Syllabus and course materials are here: https://fall2020.data606.net

The site is built using the Blogdown R package and hosted on Github. Each page of the site has a “Improve this page” link at the bottom right, use that to start a pull request on Github.

We will use Blackboard primary only for submitting assignments. Please submit:

  • A PDF or link to the built HTML (e.g. Rpubs, Github)

PDFs are preferred for the homework as there is some LaTeX formatting in the R markdown files. The tineytex R package helps with install LaTeX, but you can also install LaTeX using (MiKTeX (for Windows) and BasicTeX (for Mac) See this page for more information: https://fall2020.data606.net/course-overview/software/

Meetups

We will have meetups on Wednesday evenings at 8:30pm.

Meetups will be recorded and made available the next day on the course website.

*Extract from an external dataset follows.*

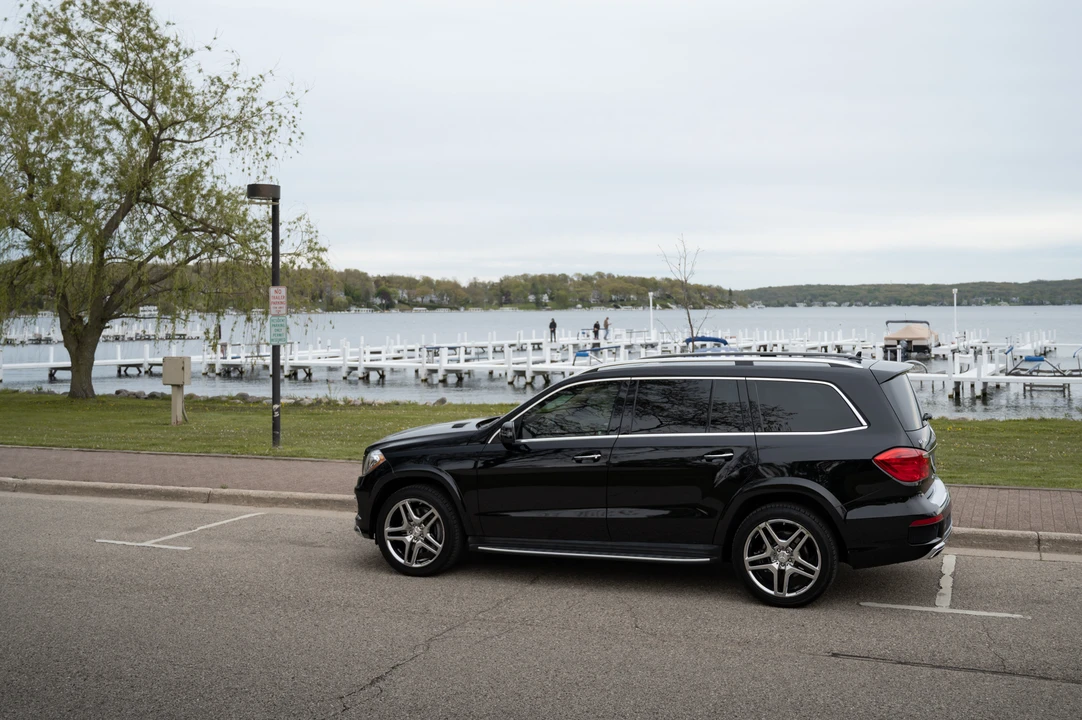 2015 Mercedes-Benz X166 GL-Class/GLS - Image 12 of 31
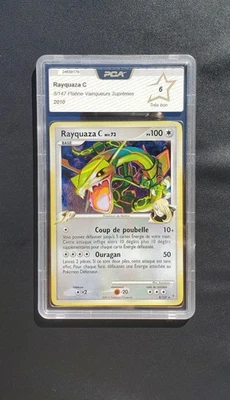 Carte Pokémon Rayquaza C Holo 8/147 - Vainqueurs Suprêmes - FR - PCA 6 - Photo 1/2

Though attendance is not strictly required, I expect everyone to watch them at during the week. I use the meetups to convey important information and announcements. Students who attend the meetups tend to do well on the assignments.

Please note: Students who participate in this class with their camera on or use a profile image are agreeing to have their video or image recorded solely for the purpose of creating a record for students enrolled in the class to refer to, including those enrolled students who are unable to attend live. If you are unwilling to consent to have your profile or video image recorded, be sure to keep your camera off and do not use a profile image. Likewise, students who un-mute during class and participate orally are agreeing to have their voices recorded. If you are not willing to consent to have your voice recorded during class, you will need to keep your mute button activated and communicate exclusively using the “chat” feature, which allows students to type questions and comments live.

Start End Topic
Wednesday, August 26, 2020 Sunday, August 30, 2020 Chapter 1 - Intro to Data
Monday, August 31, 2020 Sunday, September 06, 2020 Chapter 2 - Summarizing Data
Monday, September 07, 2020 Sunday, September 13, 2020 Chapter 3 - Probability
Monday, September 14, 2020 Sunday, September 27, 2020 Chapter 4 - Distributions
Monday, September 28, 2020 Sunday, October 04, 2020 Chapter 5 - Foundation for Inference
Monday, October 05, 2020 Sunday, October 11, 2020 Chapter 6 - Inference for Categorical Data
Monday, October 12, 2020 Sunday, October 18, 2020 Chapter 7 - Inference for Numerical Data
Monday, October 19, 2020 Sunday, November 01, 2020 Chapter 8 - Linear Regression
Monday, November 02, 2020 Sunday, November 29, 2020 Chapter 9 - Multiple and Logistic Regression
Monday, November 30, 2020 Sunday, December 06, 2020 Intro to Bayesian Analysis
Wednesday, December 09, 2020 Sunday, December 13, 2020 Final Exam

Assignments

  • DAACS (5%)
  • Homework (20%)
  • Labs (40%)
    • Labs are designed to introduce to you doing statistics with R.
    • Answer the questions in the main text as well as the “On Your Own” section.
  • Data Project (15%)
    • This allows you to analyze a dataset of your choosing. Projects will be shared with the class. This provides an opportunity for everyone to see different approaches to analyzing different datasets.
    • Proposal is due October 25th (5%); Final project is due December 9th (15%).
  • Final exam (15%)
  • Meetup Presentation (5%)
    • Present one practice problem during our weekly meetups. Signup using the Google Spreadsheet.
    • Please select odd number questions only!

Communication

The DATA606 R Package

The package can be installed from Github using the devtools package.

devtools::install_github('jbryer/DATA606')

Download the Setup.R script here: https://github.com/jbryer/DATA606Fall2020/blob/master/R/Setup.R

Important Functions

  • library('DATA606') - Load the package
  • vignette(package='DATA606') - Lists vignettes in the DATA606 package
  • vignette('os4') - Loads a PDF of the OpenIntro Statistics book
  • data(package='DATA606') - Lists data available in the package
  • getLabs() - Returns a list of the available labs
  • viewLab('Lab1') - Opens Lab1 in the default web browser
  • startLab('Lab1') - Starts Lab1 (copies to getwd()), opens the Rmd file
  • shiny_demo() - Lists available Shiny apps

Using R Markdown

R Markdown files are provided for all the labs and homework.

  • You can download R markdown template files for the homework by right clicking and selecting “Save file as…” from the Homework page.
  • You can start a lab using the DATA606::startLab function.

However, creating new R Markdown files in RStudio can be done by clicking File > New File > R Markdown.

For more information about R Markdown, check out the RStudio page at https://rmarkdown.rstudio.com/